If you enjoy taking the kids away, there is no reason that divorce should stop that. It will make it more of a challenge though and not just financially.
The best way to make traveling easier is to think about it now when creating your custody agreement.
Here are some things to consider detailing:
Where can you travel?
If you have family in another country, you might want to take the kids to see them and learn more about the culture that is part of them. Your spouse might fear you won’t return and be reluctant to give permission
As you won’t get out of the country without their permission (or that of a court) it is worth discussing.
When can you travel?
The best travel deals won’t always coincide with your turn to have the kids. Sometimes you may want to travel during the time they would normally spend with your co-parent. The same might apply when they look for dates. Agreeing to give each other a bit of flexibility can pave the way for future travel.
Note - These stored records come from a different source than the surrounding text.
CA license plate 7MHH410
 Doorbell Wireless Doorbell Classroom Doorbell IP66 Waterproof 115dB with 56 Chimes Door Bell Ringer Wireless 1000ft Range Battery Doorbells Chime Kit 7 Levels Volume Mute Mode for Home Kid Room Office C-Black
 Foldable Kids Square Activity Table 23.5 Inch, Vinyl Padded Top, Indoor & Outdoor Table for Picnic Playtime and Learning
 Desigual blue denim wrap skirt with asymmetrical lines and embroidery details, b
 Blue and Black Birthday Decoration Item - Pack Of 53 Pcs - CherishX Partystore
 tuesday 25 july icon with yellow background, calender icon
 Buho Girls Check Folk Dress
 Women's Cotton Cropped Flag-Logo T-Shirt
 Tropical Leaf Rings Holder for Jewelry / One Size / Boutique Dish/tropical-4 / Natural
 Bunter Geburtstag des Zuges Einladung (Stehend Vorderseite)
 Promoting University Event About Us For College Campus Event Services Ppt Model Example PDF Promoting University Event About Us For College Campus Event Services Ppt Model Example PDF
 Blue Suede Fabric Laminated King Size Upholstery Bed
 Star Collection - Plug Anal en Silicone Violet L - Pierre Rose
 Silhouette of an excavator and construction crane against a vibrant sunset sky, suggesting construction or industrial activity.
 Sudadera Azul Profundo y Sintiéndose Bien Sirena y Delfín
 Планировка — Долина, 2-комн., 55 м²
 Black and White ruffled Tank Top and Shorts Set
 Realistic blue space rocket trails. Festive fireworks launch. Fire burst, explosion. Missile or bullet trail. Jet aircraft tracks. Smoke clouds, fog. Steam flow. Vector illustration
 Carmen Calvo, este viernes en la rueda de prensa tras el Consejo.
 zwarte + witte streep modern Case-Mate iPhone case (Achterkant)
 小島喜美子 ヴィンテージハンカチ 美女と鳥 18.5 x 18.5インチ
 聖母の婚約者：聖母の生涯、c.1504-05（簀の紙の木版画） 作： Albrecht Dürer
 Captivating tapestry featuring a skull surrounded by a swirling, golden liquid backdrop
How will you keep in touch with the kids?
Usual routines can go out of the window when you travel. It can leave the other parent feeling upset if their child does not pick up the phone at 8 am like they usually do. It can leave you feeling annoyed if they ring during a day hike you’ve taken to get the kids to get more in tune with nature.
Think about how you will still maintain contact between children and parent without disrupting precious vacation time.
Creating a child custody agreement that accounts for everything is not straightforward, but getting legal assistance increases the chance you do.